:: Work instruction ::
The stretch from the line with "CHRISTY 'Serene' Soft" through the line with "Snowman Jar 8oz" in the records below: write it out exactly, and nothing else.

Records from a dataset

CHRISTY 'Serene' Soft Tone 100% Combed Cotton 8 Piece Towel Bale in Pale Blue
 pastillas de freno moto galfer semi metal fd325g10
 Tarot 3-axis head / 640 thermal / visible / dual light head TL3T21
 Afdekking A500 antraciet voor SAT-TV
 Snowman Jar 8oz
==
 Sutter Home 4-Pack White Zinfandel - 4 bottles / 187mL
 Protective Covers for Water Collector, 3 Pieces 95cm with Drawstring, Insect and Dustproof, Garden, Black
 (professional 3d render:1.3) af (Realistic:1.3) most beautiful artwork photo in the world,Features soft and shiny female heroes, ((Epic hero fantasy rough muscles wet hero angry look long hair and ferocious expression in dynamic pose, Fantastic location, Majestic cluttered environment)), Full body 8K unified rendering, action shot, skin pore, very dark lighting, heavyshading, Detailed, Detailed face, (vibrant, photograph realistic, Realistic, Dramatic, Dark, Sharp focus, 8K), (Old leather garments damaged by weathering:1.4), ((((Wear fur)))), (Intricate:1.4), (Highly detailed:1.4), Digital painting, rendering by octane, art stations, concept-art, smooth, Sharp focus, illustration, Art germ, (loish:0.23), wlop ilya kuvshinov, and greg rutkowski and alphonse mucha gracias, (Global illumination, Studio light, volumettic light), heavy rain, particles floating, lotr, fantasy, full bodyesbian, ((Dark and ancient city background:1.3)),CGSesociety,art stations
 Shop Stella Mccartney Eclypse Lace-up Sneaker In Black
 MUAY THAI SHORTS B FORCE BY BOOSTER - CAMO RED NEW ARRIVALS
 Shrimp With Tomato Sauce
* * *
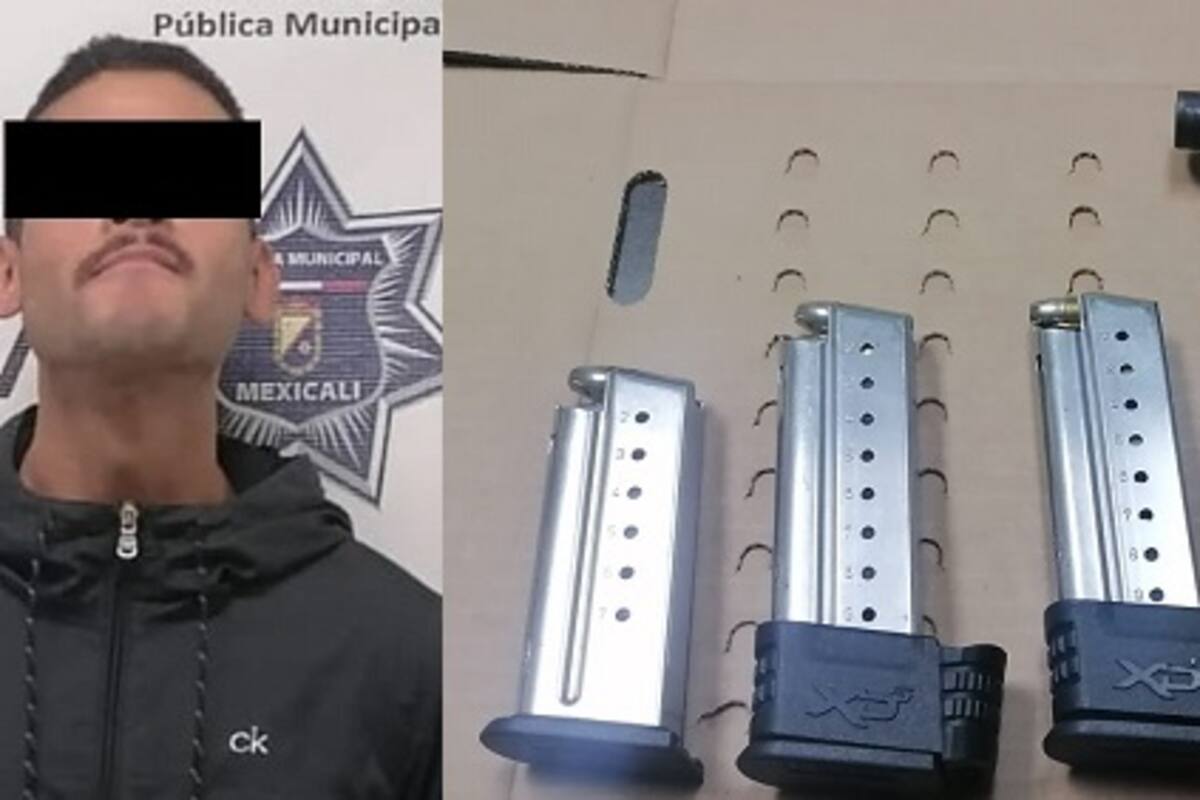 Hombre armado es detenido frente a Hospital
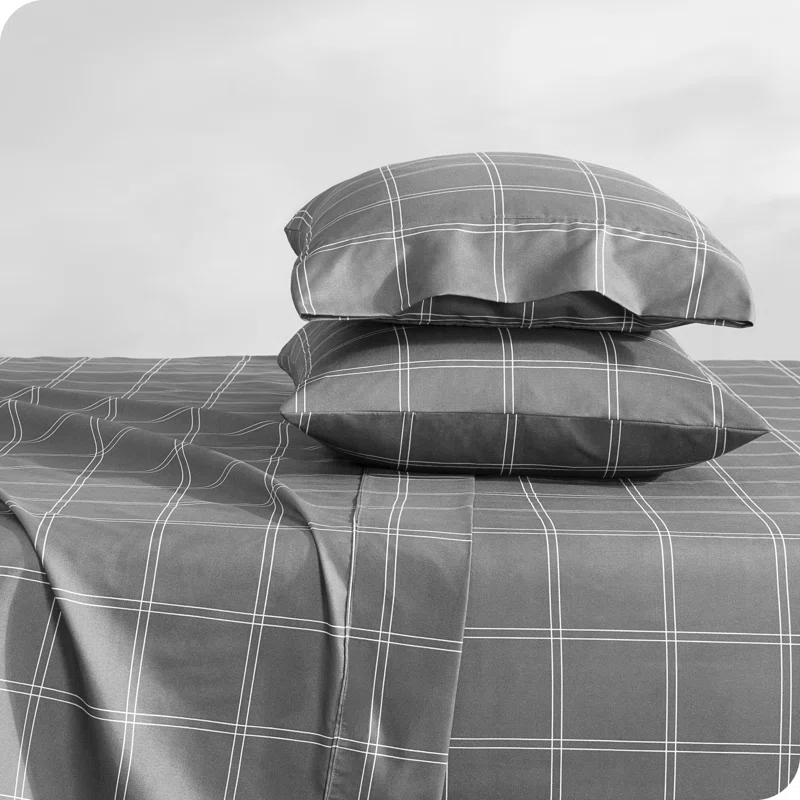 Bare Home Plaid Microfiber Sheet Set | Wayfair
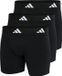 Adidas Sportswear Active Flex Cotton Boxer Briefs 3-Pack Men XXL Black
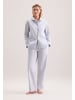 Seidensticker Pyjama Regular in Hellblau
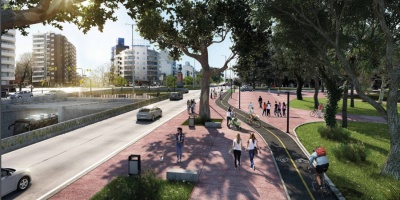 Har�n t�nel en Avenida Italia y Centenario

:: Solution to this exercise ::
CHRISTY 'Serene' Soft Tone 100% Combed Cotton 8 Piece Towel Bale in Pale Blue
 pastillas de freno moto galfer semi metal fd325g10
 Tarot 3-axis head / 640 thermal / visible / dual light head TL3T21
 Afdekking A500 antraciet voor SAT-TV
 Snowman Jar 8oz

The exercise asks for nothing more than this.